A prolific state-backed hacker group from China has penetrated the networks of no less than six state governments within the U.S., new research from cybersecurity agency Mandiant reveals.

While we don’t know which state governments have been affected by the hacking marketing campaign, researchers say the group accountable is APT41—a well known risk actor that has an extended historical past of stirring up bother. In this case, the group is claimed to have spent the final 12 months exploiting a variety of susceptible platforms and applications to worm their approach into public companies. The intent of the hacking marketing campaign is considerably unclear, although APT41 is understood for its cyber espionage capabilities.

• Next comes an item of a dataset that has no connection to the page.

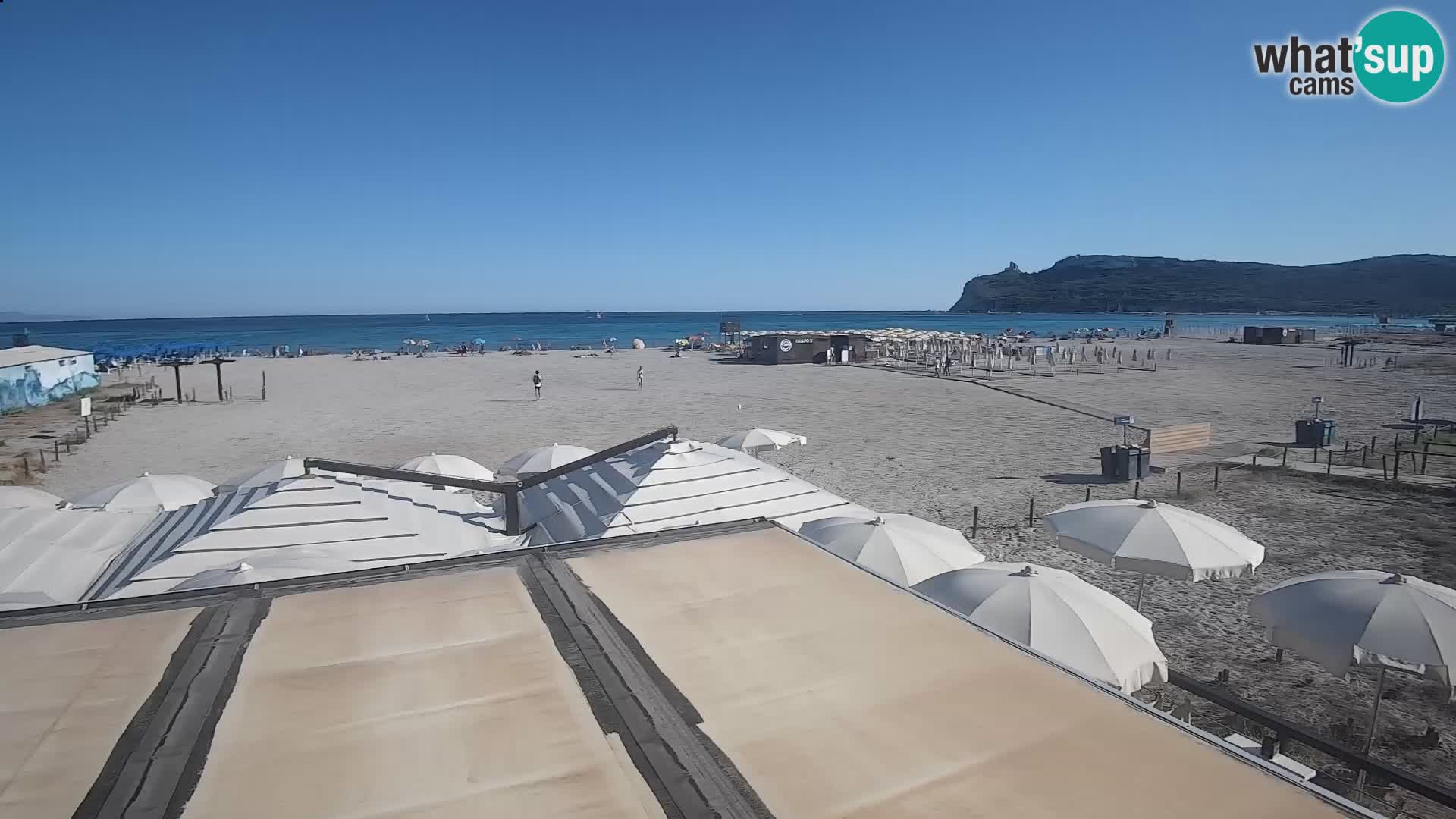 Poetto beach webcam | Cagliari | Sardinia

In a number of circumstances, the hackers are stated to have exploited an insecure farming app known as USAHERDS—quick for the Animal Health Emergency Reporting Diagnostic System—which is used by state governments to hint ailments in native livestock populations. USAHERDS, which is utilized by no less than 18 totally different states, had a beforehand unknown zero-day vulnerability which allowed the hackers to compromise any server operating this system. In different circumstances, APT41 exploited log4j, the unlucky, widely-used open-source software program program that was lately found to have main safety flaws.

APT41, which additionally goes by the monikers “Barium” and “Winnti,” is believed to have been energetic since way back to 2012. In addition to conducting espionage campaigns on behalf of the Chinese authorities, it is usually recognized for its important cybercrime operations. In 2020, 5 alleged members of the group were indicted in absentia by the U.S. Justice Department for a gargantuan hacking spree that concerned intrusions into the networks of dozens of personal firms and the theft of tens of millions of {dollars}. The indictment additional alleged the group was additionally concerned in a various array of legal actions, together with crypto-jacking, ransomware, and the theft of every kind of company proprietary data, together with “source code, software code signing certificates, customer account data, and valuable business information.”